El panorama económico internacional vuelve a pender de un hilo tras las últimas declaraciones de Donald Trump. El exmandatario estadounidense, conocido por su retórica populista y su imprevisible manejo de la política exterior, ha vuelto a situar a China en el centro de su cruzada comercial. Esta vez, lo hace amenazando con elevar los aranceles a productos chinos hasta un 104%, un salto que, lejos de disipar la incertidumbre, la multiplica.
Trump, que en los últimos días ha dado señales de apertura a la negociación con ciertos países, ha excluido abiertamente a aquellos que respondan con represalias, apuntando directamente a Pekín. El motivo inmediato: el aumento del 34% en los aranceles chinos como respuesta a las políticas de Washington. La reacción del expresidente no ha sido precisamente la de un líder dispuesto a mediar, sino la de quien prefiere el ultimátum al diálogo. En su red social Truth, Trump puso fecha límite para que China retroceda: el 8 de abril. De no hacerlo, el castigo arancelario se activará el día siguiente.
No es la primera vez que el republicano actúa bajo el principio de «cuanto peor, mejor», generando una escalada cuya lógica parece más electoral que económica. La estrategia se presenta como una defensa de los intereses estadounidenses, pero sus efectos ya se dejan sentir en el parqué: los mercados se tambalean con cada palabra salida del Despacho Oval.
Lo paradójico es que, mientras se jacta de imponer condiciones, Trump también se contradice. Habla de aranceles «permanentes», pero al mismo tiempo asegura que está abierto a negociar. Algunos miembros de su equipo insisten en que no se trata de medidas transitorias, mientras otros apuntan a posibles concesiones. El desconcierto no es solo internacional; también se nota en casa. Incluso en el Partido Republicano crecen las voces críticas que alertan del daño estructural de esta guerra comercial.

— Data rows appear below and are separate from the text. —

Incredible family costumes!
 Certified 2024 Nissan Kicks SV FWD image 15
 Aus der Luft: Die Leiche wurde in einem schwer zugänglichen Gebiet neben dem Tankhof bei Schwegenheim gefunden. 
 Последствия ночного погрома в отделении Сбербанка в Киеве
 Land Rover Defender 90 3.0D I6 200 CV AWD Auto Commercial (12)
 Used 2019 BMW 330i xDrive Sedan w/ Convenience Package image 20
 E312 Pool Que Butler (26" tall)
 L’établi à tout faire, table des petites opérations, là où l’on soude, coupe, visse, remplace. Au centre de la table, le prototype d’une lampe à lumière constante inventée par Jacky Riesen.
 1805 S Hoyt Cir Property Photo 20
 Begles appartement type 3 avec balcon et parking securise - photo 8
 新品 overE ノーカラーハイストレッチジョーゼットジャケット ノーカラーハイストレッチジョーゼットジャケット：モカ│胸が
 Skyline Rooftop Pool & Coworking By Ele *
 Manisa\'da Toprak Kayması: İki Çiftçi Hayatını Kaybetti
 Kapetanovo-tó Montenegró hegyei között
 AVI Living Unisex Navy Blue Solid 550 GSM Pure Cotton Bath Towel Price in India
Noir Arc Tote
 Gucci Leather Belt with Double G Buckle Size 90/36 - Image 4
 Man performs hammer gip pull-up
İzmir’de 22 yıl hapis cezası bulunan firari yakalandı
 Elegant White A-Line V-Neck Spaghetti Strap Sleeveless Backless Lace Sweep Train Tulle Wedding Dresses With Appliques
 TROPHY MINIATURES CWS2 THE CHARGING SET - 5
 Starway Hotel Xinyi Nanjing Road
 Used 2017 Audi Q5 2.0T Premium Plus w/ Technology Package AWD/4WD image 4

Y es que no solo China está en el punto de mira. La Unión Europea, Canadá, México y Japón han recibido también mensajes cargados de reproches y exigencias. Las políticas arancelarias parecen más una herramienta de chantaje que un instrumento de política exterior. Mientras tanto, líderes como Xi Jinping han optado por la prudencia estratégica, rechazando entrar en el juego de provocaciones que, en la práctica, tienen consecuencias globales.
Las grandes entidades financieras comienzan a dar la voz de alarma. Jamie Dimon, presidente de JP Morgan, ha advertido del riesgo de una fragmentación económica con los aliados tradicionales de EE. UU. que podría derivar en una recesión prolongada. Inversores como Bill Ackman, por su parte, claman por una tregua que evite lo que ya algunos llaman el “invierno económico nuclear”.
El trumpismo económico, que mezcla proteccionismo agresivo con decisiones erráticas, parece más preocupado por el relato político que por el impacto real en el tejido productivo o la estabilidad global. Y si la historia repite sus lecciones, no sería extraño que las consecuencias de esta escalada comercial acaben, una vez más, pagando las clases medias y los pequeños negocios, mientras los grandes discursos proteccionistas se diluyen entre contradicciones.